CI-EN: RUI: Collaborative Research: TraceLab Community Infrastructure

for Replication, Collaboration, and Innovation


Period of Performance: 

06/01/2015 - 05/31/2018


The challenge of experimental reproducibility extends across almost every science and engineering discipline. Recently, a widely reported study conducted by the biotech firm "Amgen" revealed that of 53 previously published landmark papers fundamental to their development plan, only six were reproducible. While this does not mean that the other studies were fraudulent, it does mean that there was insufficient information to make them reproducible by others. Recent studies have unearthed similar problems across a diverse set of Software Engineering domains, including, but not limited to, software traceability, feature location, and compiler optimization. Reproducibility is often undermined by lack of publicly available datasets, obsolete and unavailable tools, insufficient details about the experiment, and undocumented decisions about the way various metrics are computed.

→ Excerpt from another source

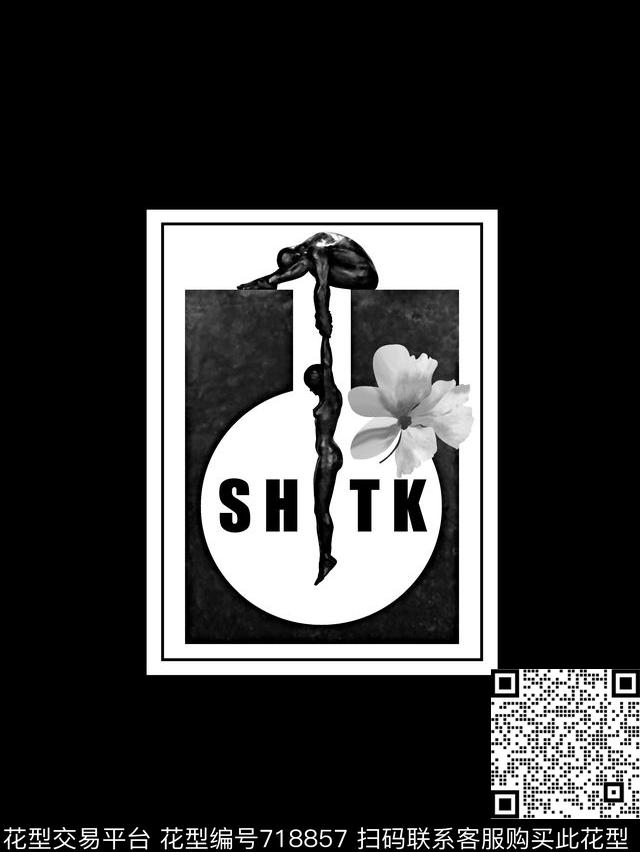 人体艺术男装T恤华亿平台抽象手绘T恤印花卫衣加克华亿平台衬衫裤子华亿平台外套华亿平台羽绒服华亿平台时尚潮流潮牌大牌复古英文字欧美高清数码立体数码印花华亿平台下载（图片编号: 718857） - 瓦栏（Walan）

Efforts to establish public benchmarks and datasets in repositories such as PROMISE, Eclipse Bug Data, and SIR (for testing), partially address the problem by supporting the evaluation of different techniques against the same data sets. Frameworks such as Weka and RapidMiner provide common algorithmic solutions for research in fields such as information retrieval, machine learning, and other similar areas of research, but are not primarily intended for software engineers. In contrast, TraceLab (funded under an NSF Major Research Instrumentation grant) provides libraries of components targeted at Software Engineering researchers and is ideally suited for supporting reproducibility and sharing of experiments. In this proposal we outline a plan for using TraceLab to reproduce a significant selection of landmark experiments in traceability, feature location, impact analysis, program summarization, testing, and requirements engineering. Our work will (1) provide a baseline against which future work can be evaluated, (2) create publicly available libraries of TraceLab components implementing important algorithms in each domain, and (3) serve as an exemplar for future reproducibility of results.

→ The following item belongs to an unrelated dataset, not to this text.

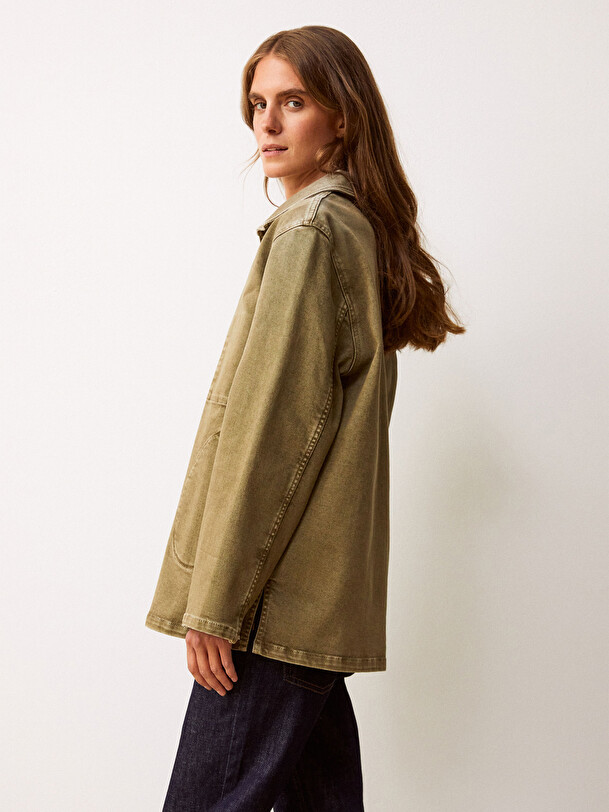 IGNIS VAREUSE -  Olive , Ready-to-wear Bensimon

G1. Augment the TraceLab Framework. In addition to the more innovative aspects of our
proposal, we need to provide ongoing support for TraceLab by adding and maintaining features as requested by our user base.

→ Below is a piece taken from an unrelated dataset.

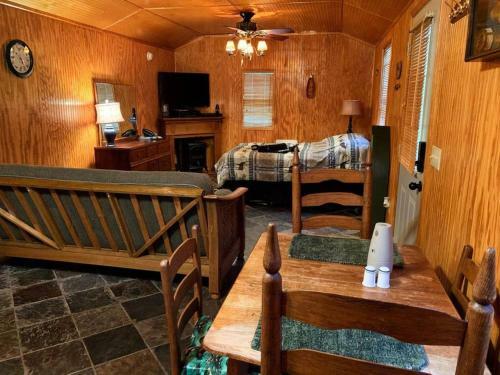 Adorable Efficiency Pond Cabin Located Near River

G2. Reproduce landmark experiments. A core focus of our proposed work will involve identifying
and reproducing landmark experiments across multiple domains. We define a landmark
experiment as “an experiment which represents an important advancement in the field.” The
reproduced experiments will provide a baseline against which to compare new techniques and an
extensive set of reusable components which new researchers can use to equip their research environments, and to support innovative experimentation. The identified domains include traceability (all), feature location (Poshyvanyk), impact analysis (Poshyvanyk), program summarization (McMillan), testing (Hayes), and requirements engineering (Cleland-Huang). For each of these domains we will
deliver downloadable experiments, reusable TraceLab components, and challenges using TraceLab’s challenge feature. This thrust of our research represents a significant emphasis of this proposal.

G3. Build general purpose libraries. Empirical Software Engineering experiments from multiple
domains share numerous underlying algorithms and data structures. We will therefore identify
cross-cutting concerns from the various research domains and augment TraceLab’s existing set of general purpose libraries. Examples of existing libraries include natural language processing, source code analysis, metrics computations, and statistical analysis.

G4. Build and maintain a self-sustaining open source community. TraceLab is already
publicly released and used by research groups in over 12 universities. However, it is vitally important that TraceLab is transitioned into a sustainable open source community. Given the tremendous support for TraceLab from both industry and academia (please see support letters) and the active group of TraceLab users, we plan to continue our outreach efforts by demonstrating the use of TraceLab for reproducibility purposes at workshops, conferences, and through journals. We also will provide ongoing support to new adopters through training materials and mentoring.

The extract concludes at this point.